La standardisation, élément essentiel de la stratégie française
Afin d'éviter la même erreur qu'à Flamanville, le gouvernement mise sur la standardisation de ces nouveaux EPR 2. Framatome vient de livrer le projet britannique de réacteur EPR « Hinkley Point C », porté par EDF, et travaille toujours sur le deuxième EPR britannique, « Sizewell C ».
Même si, pour ces deux projets britanniques, Framatome sous-traitait les internes de cuves - ce qu'il ne fera plus pour les nouveaux réacteurs français -, le savoir-faire est quasi identique pour fabriquer les EPR 2.
« Standardiser les productions est essentiel car c'est ce qui va nous permettre de délivrer des composants en respectant les exigences de nos clients, tout en garantissant à la fois la qualité et le rythme de production », explique Bernard Fontana, Pdg de Framatome.
« L'idée est de faire un seul design français, et ensuite de le dupliquer », poursuit-il.
50.000 composants à sortir, dix ans de charge de travail
Pour Framatome, les six réacteurs attendus par le gouvernement à horizon 2035 représentent 50.000 composants à fabriquer, soit une charge de travail qui s'étalera sur une décennie.
Les gros composants de la chaudière nucléaire, tels que la cuve du réacteur, la tuyauterie primaire ou le générateur de vapeur, seront fabriqués, c'est-à-dire forgés et moulés, sur le site du Creusot, puis assemblés sur le site de Saint-Marcel, à 40 kilomètres de Chalon-sur-Saône.

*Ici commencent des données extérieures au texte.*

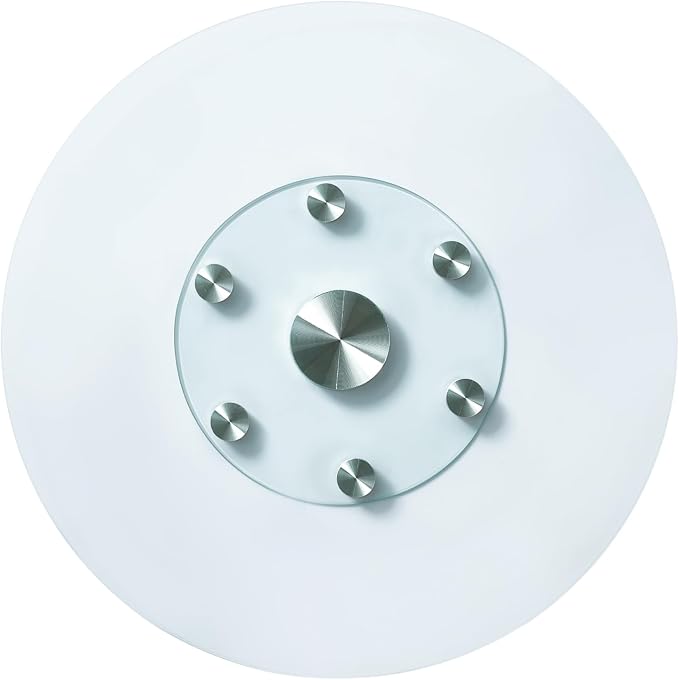 VEVOR 30 in Glass Lazy Susan Turntable, Tempered Glass Dining Table Centerpiece with 6 Rotating Wheels, 360° Smooth and Silent Spin Tabletop Rotating Tray, for Family Gatherings, Banquets & Weddings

Les composants mobiles des centrales nucléaires seront fabriqués sur le site de Jeumont, dans le Nord, et tous les assemblages liés aux combustibles seront réalisés sur le site de Romans-sur-Isère, en Auvergne-Rhône-Alpes.
Mme Pannier-Runacher a rejeté les critiques d'un passage en force de cette politique de relance alors que le projet de loi d'accélération du nucléaire n'est toujours pas approuvé par le Parlement. Il sera débattu à l'Assemblée nationale à partir du 13 mars, après avoir été (facilement) voté par le Sénat en janvier.